Items from a data source:
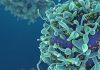Vir Biotechnology Partners with NIH and Biogen for Developing Coronavirus Antibodies – HospiMedica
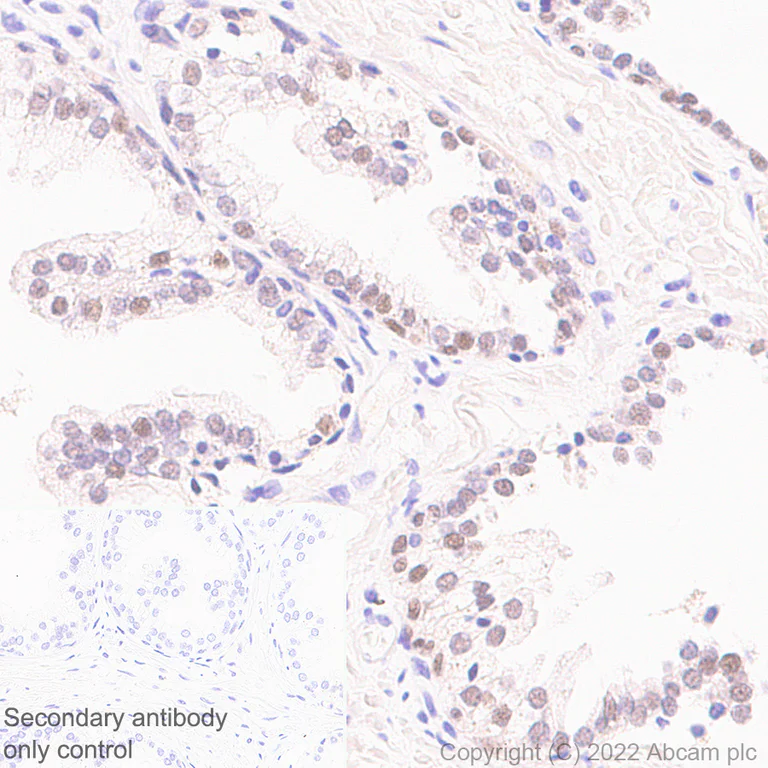 Immunohistochemistry - Anti-Sp8 antibody [EPR26224-86] - BSA and Azide free (AB302916)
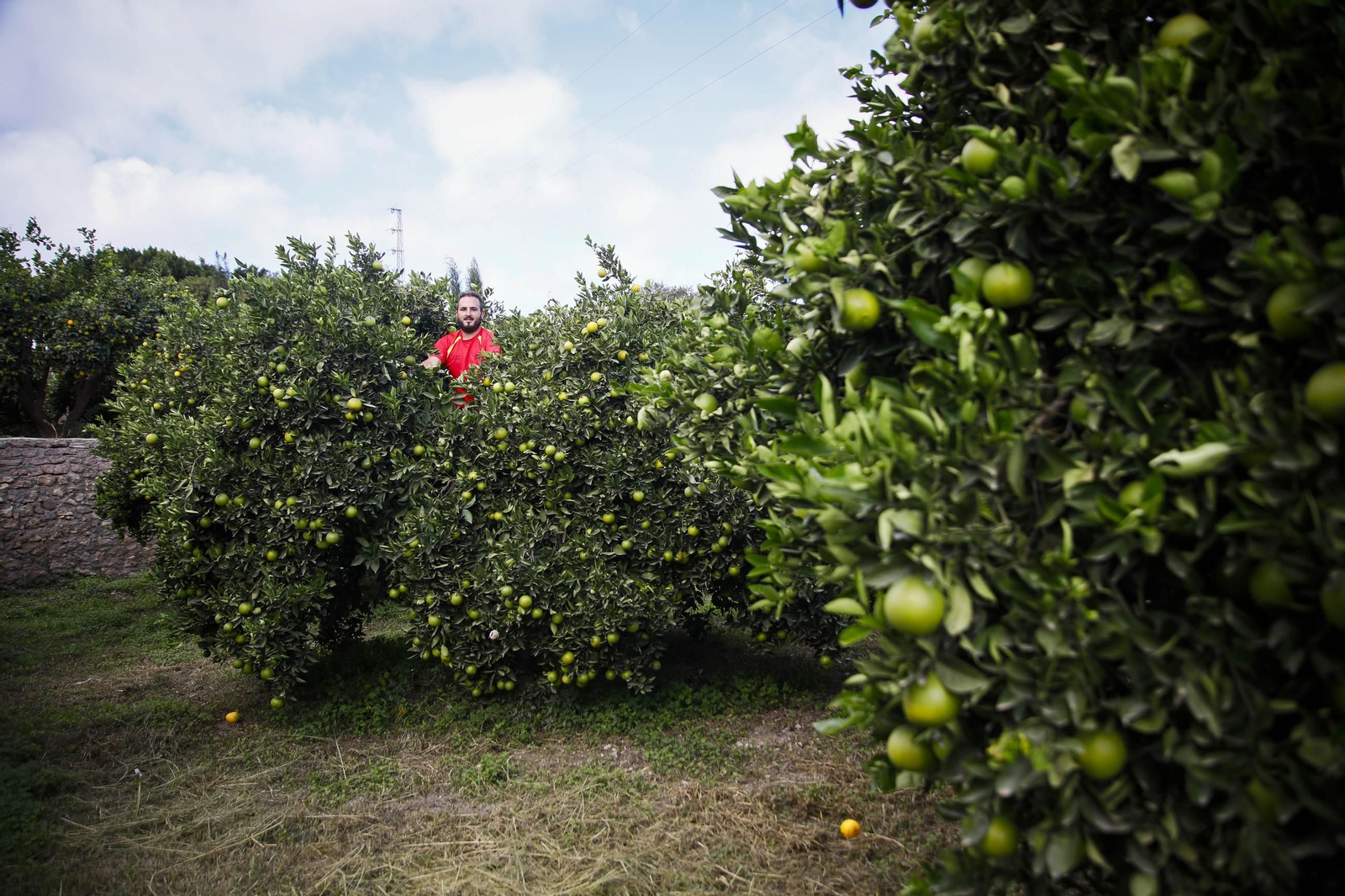 Las naranjas de Íllar, en imágenes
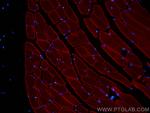 MYH1 Antibody in Immunohistochemistry (PFA fixed) (IHC (PFA))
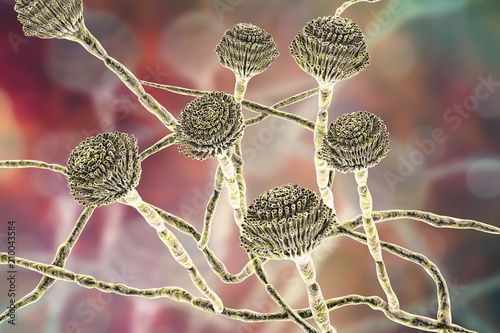 Fungi Aspergillus, black mold, which produce aflatoxins, cause pulmonary infection aspergillosis and aspergilloma in different organs. 3D illustration photo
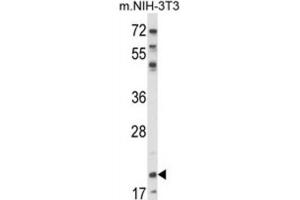 Western Blotting (WB) image for anti-Nuclear Import 7 Homolog (NIP7) antibody (ABIN3003870) (NIP7 anticorps)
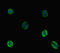 Vitronectin antibody, CSB-PA025944EA01HU, Cusabio, Immunofluorescence image 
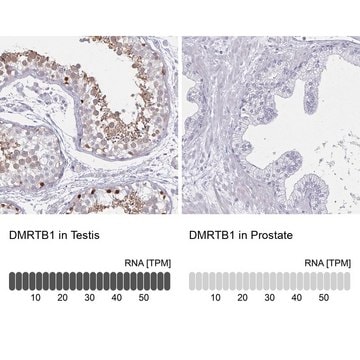 Anti-DMRTB1 antibody produced in rabbit Prestige Antibodies&#174; Powered by Atlas Antibodies, affinity isolated antibody, buffered aqueous glycerol solution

> ASSIGNMENT
Would you repeat the entries exactly, but with no pictures?

> WRITTEN RESPONSE
Vir Biotechnology Partners with NIH and Biogen for Developing Coronavirus Antibodies – HospiMedica
 Immunohistochemistry - Anti-Sp8 antibody [EPR26224-86] - BSA and Azide free (AB302916)
 Las naranjas de Íllar, en imágenes
 MYH1 Antibody in Immunohistochemistry (PFA fixed) (IHC (PFA))
 Fungi Aspergillus, black mold, which produce aflatoxins, cause pulmonary infection aspergillosis and aspergilloma in different organs. 3D illustration photo
 Western Blotting (WB) image for anti-Nuclear Import 7 Homolog (NIP7) antibody (ABIN3003870) (NIP7 anticorps)
 Vitronectin antibody, CSB-PA025944EA01HU, Cusabio, Immunofluorescence image 
 Anti-DMRTB1 antibody produced in rabbit Prestige Antibodies&#174; Powered by Atlas Antibodies, affinity isolated antibody, buffered aqueous glycerol solution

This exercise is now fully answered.